Generally speaking, smaller fish are more likely to be closer to the surface during a feeding blitz. Fish of sodasimilar size usually school together, but bigger fish will often run underneath the juveniles scavenging for the scraps that filter down. If you’ve ever looked at a school of striped bass in a Bass Pro Shops-style aquarium, you’ve surely noticed that rockfish stack up like a pyramid with bigger ones on the bottom and smaller ones on top. So bigger fish can often be caught from beneath blitzing schools when the fish are feeding over deeper water.
But the situation we’ve encountered in the past few weeks has been somewhat different. The fish are often blitzing in water that is sometimes only 7 or 8 feet deep. There’s hardly any room at all to jig beneath them. When you try, each cast turns up only another fiesty 16 inch rockfish or a lightweight snapper blue.
If your goal is to catch bigger fish, here’s something you can try. To be clear, by “bigger,” I mean “summer bigger,” which includes 3 or 4 year-old fish up to 28 inches or so. Although it happens sometimes, it’s rare to find healthy rockfish over 30 inches during mid-summer months in the Chesapeake Bay. Basically, there are two steps.

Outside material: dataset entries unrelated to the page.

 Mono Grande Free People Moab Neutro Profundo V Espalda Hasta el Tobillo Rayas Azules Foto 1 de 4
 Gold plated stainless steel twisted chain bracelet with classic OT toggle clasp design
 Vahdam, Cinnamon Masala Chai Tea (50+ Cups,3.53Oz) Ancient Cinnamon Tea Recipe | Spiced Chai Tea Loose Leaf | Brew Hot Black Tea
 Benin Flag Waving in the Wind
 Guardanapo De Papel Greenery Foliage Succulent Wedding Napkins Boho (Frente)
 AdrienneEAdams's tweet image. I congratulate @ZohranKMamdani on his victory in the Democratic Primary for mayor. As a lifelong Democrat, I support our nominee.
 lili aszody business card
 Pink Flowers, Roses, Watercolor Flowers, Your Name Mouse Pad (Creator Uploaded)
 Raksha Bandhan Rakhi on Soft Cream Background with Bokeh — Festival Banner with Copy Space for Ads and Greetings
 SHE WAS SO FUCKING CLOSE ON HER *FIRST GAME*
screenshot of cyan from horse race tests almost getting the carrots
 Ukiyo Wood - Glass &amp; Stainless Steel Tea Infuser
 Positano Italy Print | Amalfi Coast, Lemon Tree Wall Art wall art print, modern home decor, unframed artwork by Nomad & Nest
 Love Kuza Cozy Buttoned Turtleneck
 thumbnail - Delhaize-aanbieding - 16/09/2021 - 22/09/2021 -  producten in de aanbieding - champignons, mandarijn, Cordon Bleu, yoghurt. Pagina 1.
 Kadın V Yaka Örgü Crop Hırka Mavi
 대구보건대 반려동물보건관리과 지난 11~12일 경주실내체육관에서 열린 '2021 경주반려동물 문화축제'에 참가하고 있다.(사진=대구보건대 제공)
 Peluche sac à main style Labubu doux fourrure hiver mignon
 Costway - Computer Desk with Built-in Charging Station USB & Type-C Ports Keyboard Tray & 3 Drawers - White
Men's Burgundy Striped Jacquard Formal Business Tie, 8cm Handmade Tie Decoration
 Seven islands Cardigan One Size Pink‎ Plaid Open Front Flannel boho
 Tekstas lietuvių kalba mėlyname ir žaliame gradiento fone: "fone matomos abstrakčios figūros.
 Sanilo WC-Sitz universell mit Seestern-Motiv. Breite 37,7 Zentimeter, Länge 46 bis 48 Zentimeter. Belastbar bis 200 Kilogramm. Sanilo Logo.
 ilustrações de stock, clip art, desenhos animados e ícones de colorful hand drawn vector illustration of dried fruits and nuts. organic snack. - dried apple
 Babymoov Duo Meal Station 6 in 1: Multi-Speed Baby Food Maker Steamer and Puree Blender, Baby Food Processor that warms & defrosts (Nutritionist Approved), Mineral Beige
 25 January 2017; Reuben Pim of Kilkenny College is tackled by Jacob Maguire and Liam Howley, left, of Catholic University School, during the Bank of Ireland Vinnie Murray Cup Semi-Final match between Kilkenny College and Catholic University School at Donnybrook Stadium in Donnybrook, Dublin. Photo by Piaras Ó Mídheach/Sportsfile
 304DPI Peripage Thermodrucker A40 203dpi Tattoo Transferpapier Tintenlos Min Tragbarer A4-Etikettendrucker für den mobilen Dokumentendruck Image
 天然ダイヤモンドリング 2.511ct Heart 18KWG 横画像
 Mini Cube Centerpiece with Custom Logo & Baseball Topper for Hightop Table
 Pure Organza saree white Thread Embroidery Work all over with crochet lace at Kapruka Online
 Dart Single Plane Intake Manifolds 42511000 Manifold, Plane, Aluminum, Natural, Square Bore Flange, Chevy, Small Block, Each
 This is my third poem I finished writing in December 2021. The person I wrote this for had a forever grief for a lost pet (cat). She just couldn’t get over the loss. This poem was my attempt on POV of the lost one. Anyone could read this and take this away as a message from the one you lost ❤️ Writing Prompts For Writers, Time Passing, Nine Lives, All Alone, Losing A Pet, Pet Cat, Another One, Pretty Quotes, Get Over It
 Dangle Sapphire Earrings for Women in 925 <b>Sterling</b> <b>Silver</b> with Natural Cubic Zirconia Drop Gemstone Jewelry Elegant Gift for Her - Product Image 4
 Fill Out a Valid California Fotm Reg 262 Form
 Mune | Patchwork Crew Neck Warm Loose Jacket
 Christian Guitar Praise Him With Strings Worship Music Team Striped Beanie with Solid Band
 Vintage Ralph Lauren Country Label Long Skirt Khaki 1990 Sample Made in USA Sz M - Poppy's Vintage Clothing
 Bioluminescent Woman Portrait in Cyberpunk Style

Step One - upsize your lures. With all the bluefish around, you’re probably using metal. Look for thin lures that are at least 6 or 7 inches long. A big spoon fits the bill because they usually aren’t as heavy as lead jigs. Better yet, try a large top-water plug. My favorites are at least 5 inches long or bigger. Both poppers and spooks will work. The smaller fish will swirl at it, but the lure is usually too big for them to get in their mouth. On the other hand, that plug is just the ticket for a big hungry rockfish. The little ones will swirl and smack, but they usually won’t get hooked. Look for the hawgs to come busting through the fray after the heartier meal you’re offering.
Step Two – drift away. It may seem counter intuitive to a fisherman who has spent a couple of hours running around trying to locate the breaking schools, but the best thing to do is leave. By leave, I mean you should allow the current to drift your boat away from the blitz. Once you get out of casting range of the breakers, start watching the fish finder. Since the bigger fish can’t get beneath the breaking juveniles in the shallow water, they’re likely to move off downstream in their efforts to clean up those tasty table scraps. Just maintain your drift
Even if you’ve stopped marking fish, stay on that drift a little while. It’s not unusual for another school to appear every dozen yards or so. The best lures for this situation are soft plastics, especially tooth-proof fluke-types like Strike King’s Zulu line. These new generation plastics will last through several bluefish attacks. The only drawback is that they almost always have to be super-glued to the jig head or they won’t stay attached. Use a heavier jig head so that you’re absolutely certain your lure is bouncing on the bottom after each snap of the rod.
Remember that fish are more fragile in hot weather. As always, it’s a good idea to cut the trebles off your top-water baits and remove the barbs from your single hooks when throwing to juvenile breaking fish. Blitzing rockfish and blues can be great warm-weather fun, but don’t give up on bigger game, there’s some decent fish out there just waiting for the fishermen with the right technique to come along and catch them! Small fish in the breaks doesn’t have to be the highlight of your summer dog days.